Begin at the line containing "JAPAN 1900 Meiji" and retype each line through the end of the records exactly. Include nothing else and no pictures.
[Data]
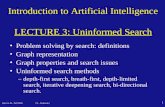 Introduction to Artificial Intelligence LECTURE 3 : Uninformed  Search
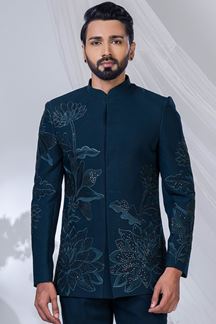 Picture of Dashing Peacock Blue Designer Jodhpuri Suit for Engagement and Reception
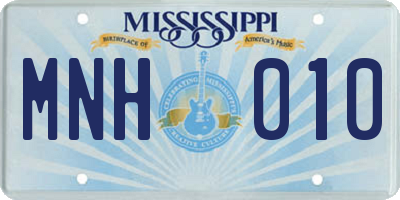 MS license plate MNH010
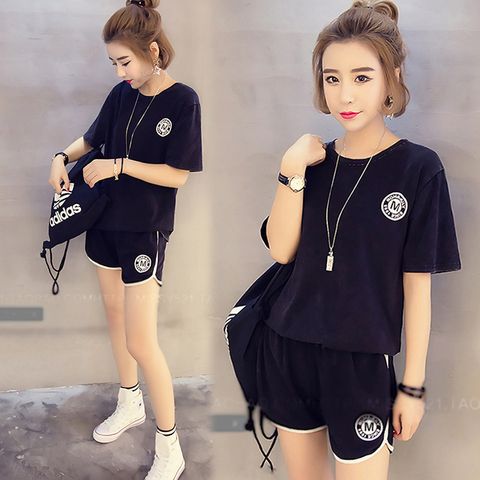 【韓國K.W.】KQN3907現貨名品概念休閒運動套裝(涼感/小香風/二件套/輕薄/短袖)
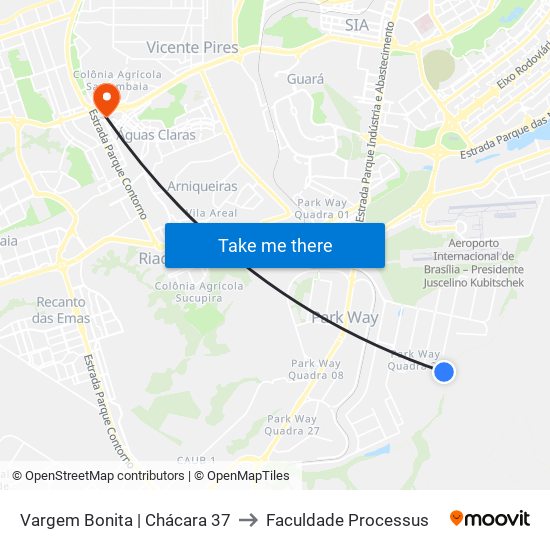 Vargem Bonita | Chácara 37 to Faculdade Processus map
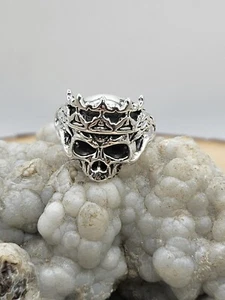 Plata Esterlina 925, Media Calavera Coronada, Nuevo, Talla 10, Pulido Alto, Nuevo - Imagen 1 de 7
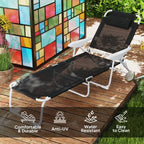 Folding Chaise Lounge, Outdoor Sun Tanning Chair, 4-Position Reclining Back, Armrests, Removable Pillow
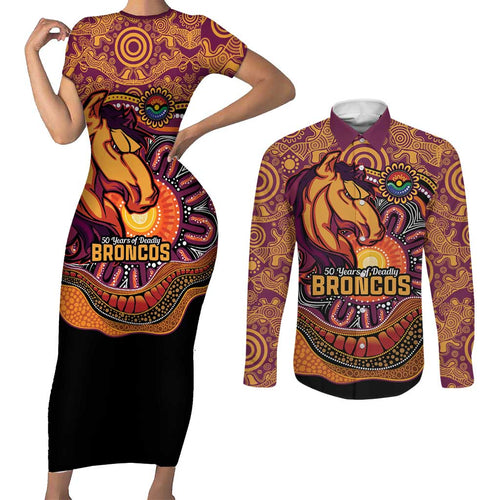 Custom Broncos Honouring First Nations Couples Matching Short Sleeve Bodycon Dress and Long Sleeve Button Shirt NAIDOC 2026 Deadly 50 Years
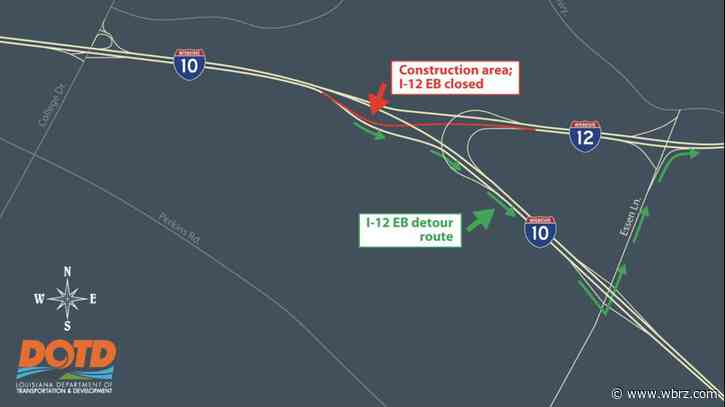 Once again, I-12 eastbound to be closed Friday night at split from I-10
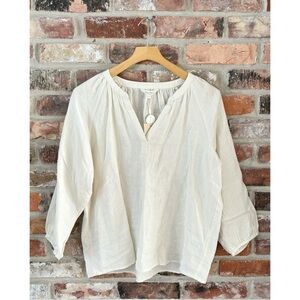 Part Two Nidine PW 100% Linen Blouse Top Shirt Whitecap Gray, NWT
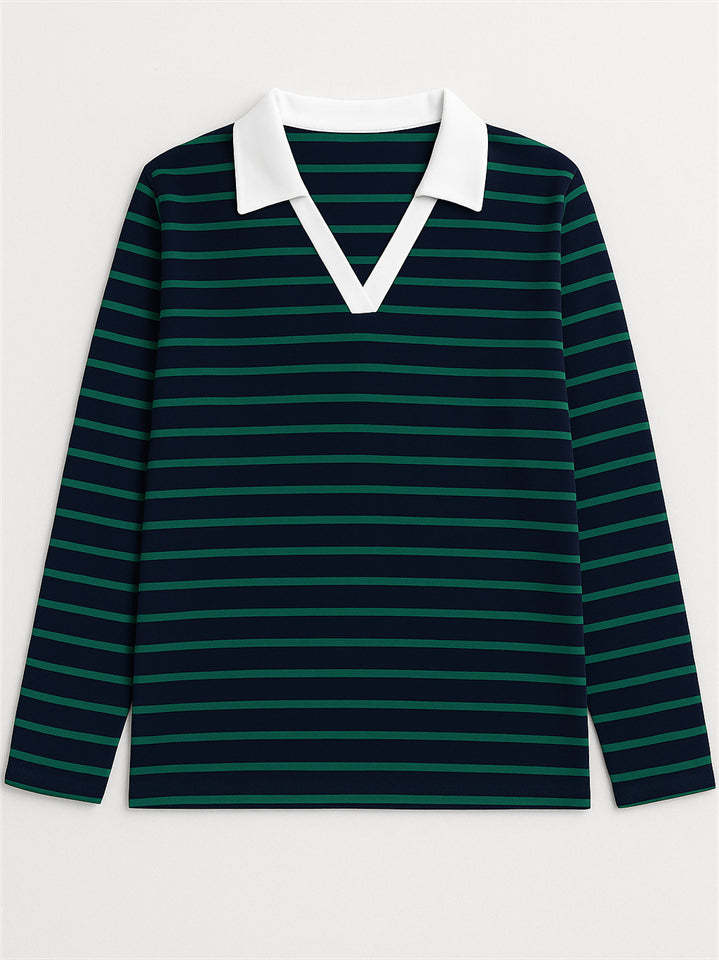Women's Stripe Contrast Color V Neck Pullover Long Sleeve Shirts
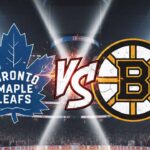 An artistic depiction of the Toronto Maple Leafs and Boston Bruins logos crashing together with "VS" in the middle, set against a blurred background of the Bruins' hockey arena under bright spotlights.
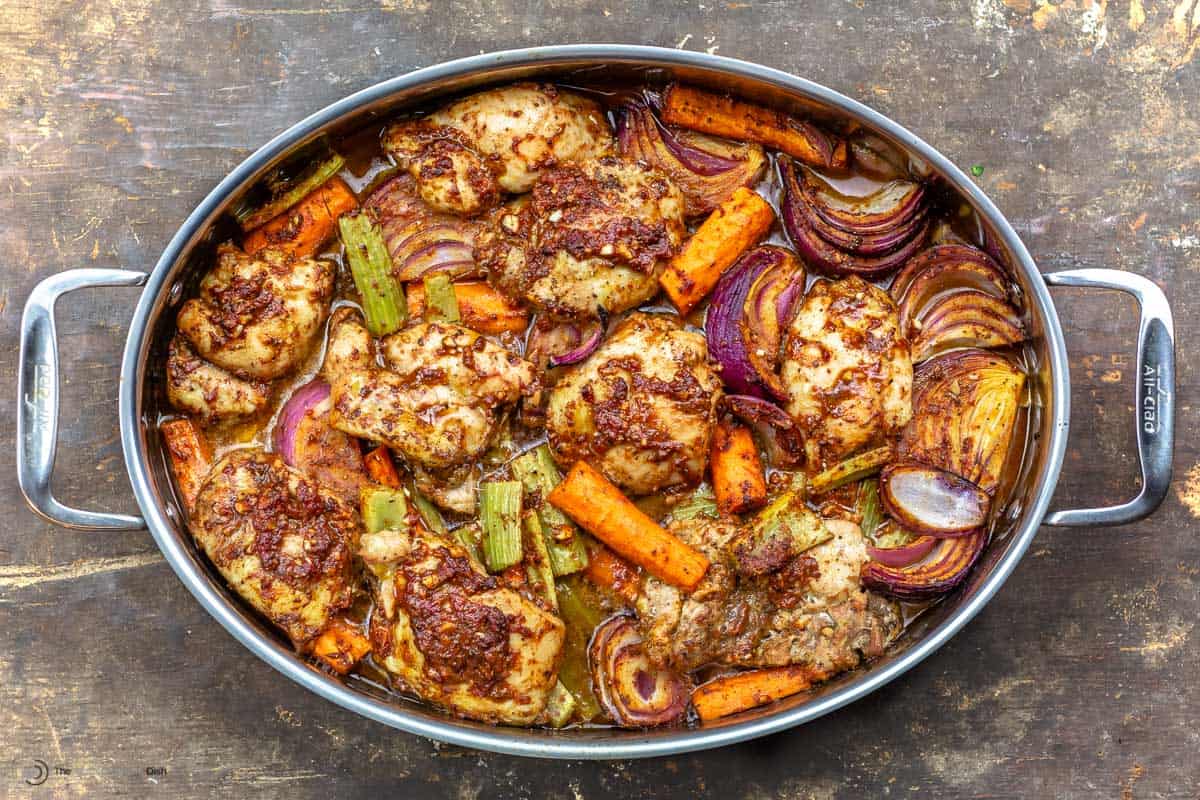 Overhead view of freshly baked chicken couscous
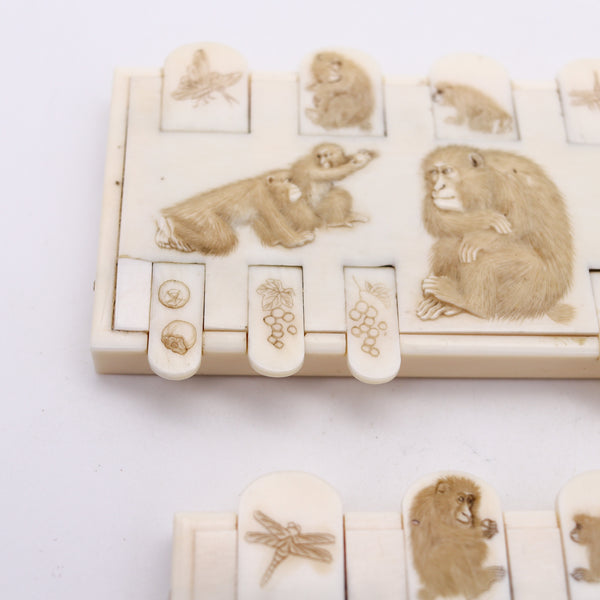 JAPAN 1900 Meiji Pair of Ivory Bezique Whist Game Counters With Monkeys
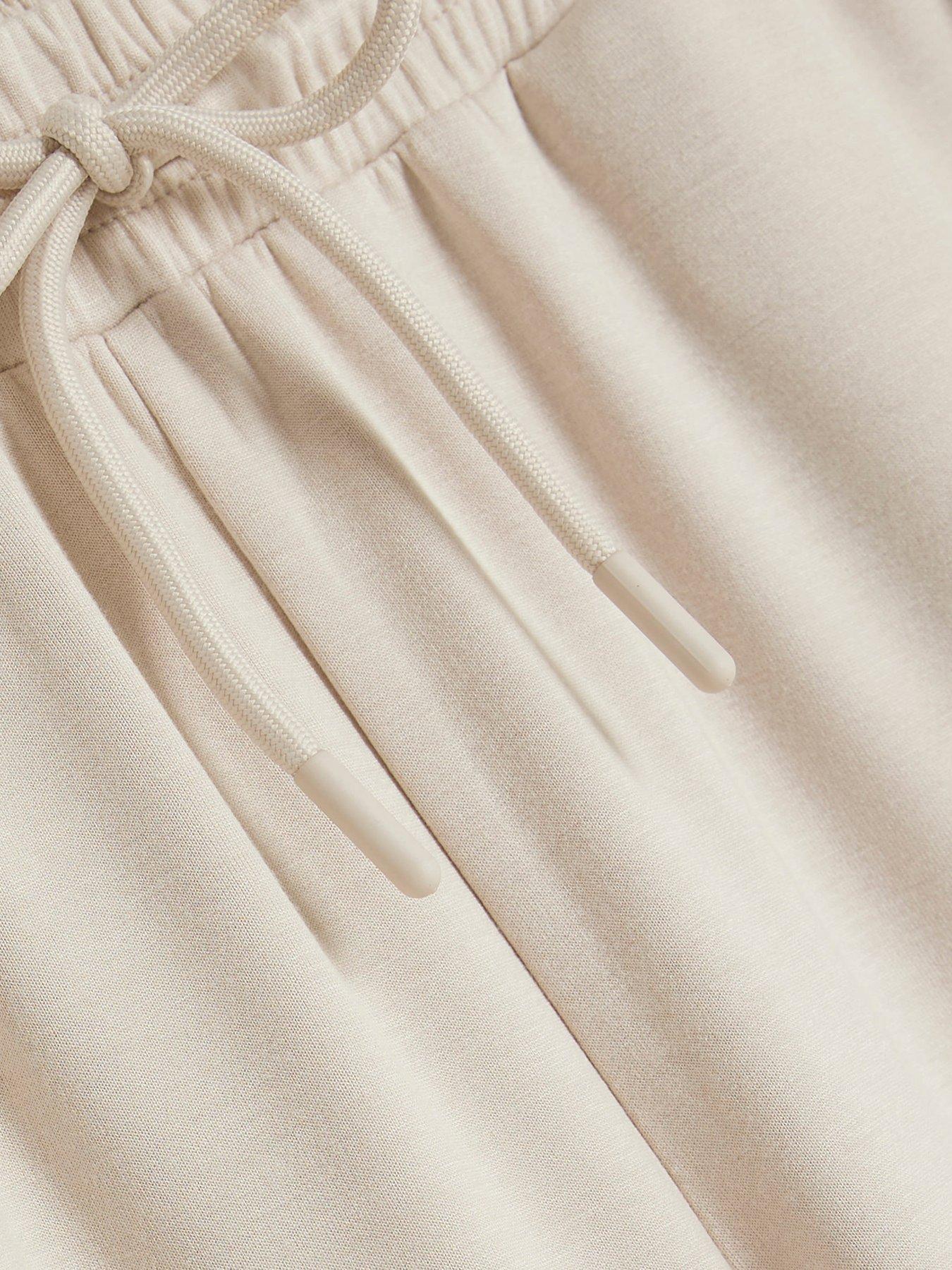  image of river-island-high-waist-premium-wide-leg-jogger-cream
[/Data]
# Exercise solution
 JAPAN 1900 Meiji Pair of Ivory Bezique Whist Game Counters With Monkeys
  image of river-island-high-waist-premium-wide-leg-jogger-cream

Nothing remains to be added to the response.